Thomas Kleinrensing

Platon kann nichts dafür

Als erstmalig vor Jahrenden in mir der Gedanke aufflackerte, dass der Niedergang des Schulsystems und Bildungsniveaus in unserm Land nicht auf eine Fahrlässigkeit der Politik zurückzuführen ist, sondern eine langgeplante Umsetzung zur Verblödung der Unterschicht in unserer Gesellschaft sein könnte, war ich erschrocken und schockiert. Sollten wirklich Politiker sich eine 2.400 Jahre alte Philosophie zum Gemeinwesen von Platon zu Eigen gebogen haben? Hat wirklich  jemand von denen jemals Platon gelesen? Und wenn ja, auch verstanden? Unvorstellbar.

Bei Platon, jenem griechischen großen Philosophen und Lehrer, war Bildung für die untere Schicht nicht eingeplant. Allerdings, vorausgesetzt die übergeordneten Schichten und die staatliche Führungsebene wären geistig und moralisch im Handeln und Denken hoch stehend, würde quasi als Abfallprodukt für Handwerker, Arbeiter und Bauern, ausreichend Gerechtigkeit und Glückseligkeit übrig bleiben. Da dieser hohe ethische Anspruch heute wie damals nicht erfüllt wurde und ist, ist wohl Platons Idee nur als Vorgabe des Regierens anzusehen. 

Wenn politische Eliten etwas aus der Geschichte gelernt haben dann nur, dass es immer einfacher ist einen soliden Stamm von Idioten zu regieren als ein gebildetes Volk. So sind auch heute bildungspolitische Konzepte und Statements zu Schulreformen und Bildung nur geeignet für Wahlreden und abendliche Talkshows. Und bitte wer nimmt diese Blasen noch ernst, wer schaut sich die Politikstrategen überhaupt noch an?  
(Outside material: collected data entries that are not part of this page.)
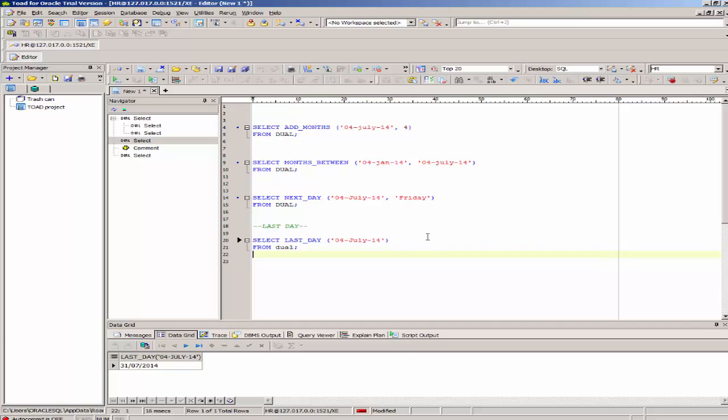Thank you for your time in watching this video. I hope it has been useful. In this video, I spoke about different types of date functions. The ones I mentioned were add_months, months_between, next_day, and last_day. These were the four I spoke about. I also presented examples of each one. Thank you so much.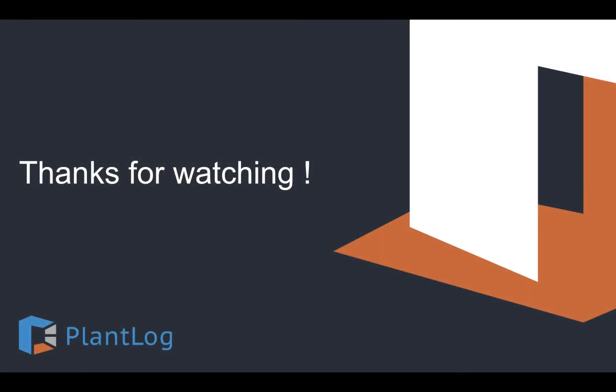Okay, that's it for this tutorial. Be sure to watch other videos in this series, which cover different aspects of the PlantLog software.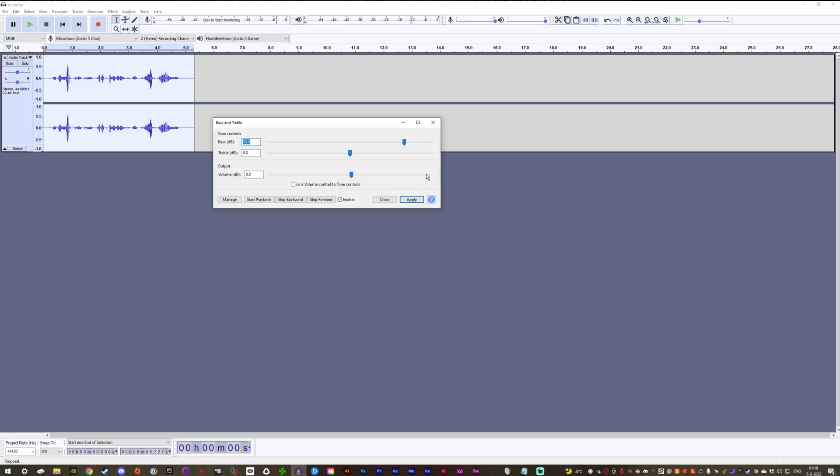Fiddle around with the bass slider until you get your preferred results. I put mine on 20 decibels. But again, the amount of bass depends on your microphone quality. Click Apply.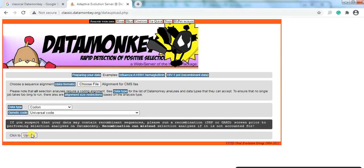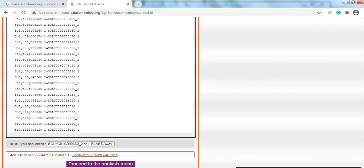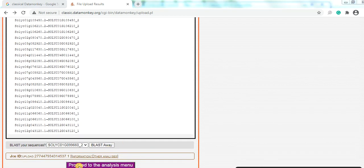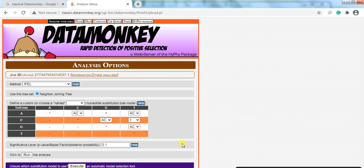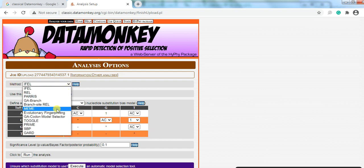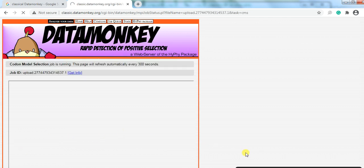Click Upload. It will give you upload options. Then click 'Proceed to the Analysis Menu'. When you click on it, you will get an analysis window. From the method options, choose GA Codon Model Selector and click Run.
Das gemeine Volk der Dichter und Denker wird systematisch vom gewählten Volksvertreter dumm gehalten, während der gehobene Bildungsbürger zu Dekorationszwecken und Machterhalt gefördert wird. In keinem Land Europas, selbst nicht bei den Briten, entscheidet die soziale Herkunft eines Kindes derart über sein späteres Bildungsniveau wie hier in unserem Land. Wo bleibt die einflussreiche Lobby der Lehrer, die sich zu tausenden in den Parlamenten tummelt, während ihr eigentlicher Arbeitsplatz vor die Hunde geht? Augenscheinlich am liebsten in der Klasse der Parlamentarier und nicht vor den Klassen.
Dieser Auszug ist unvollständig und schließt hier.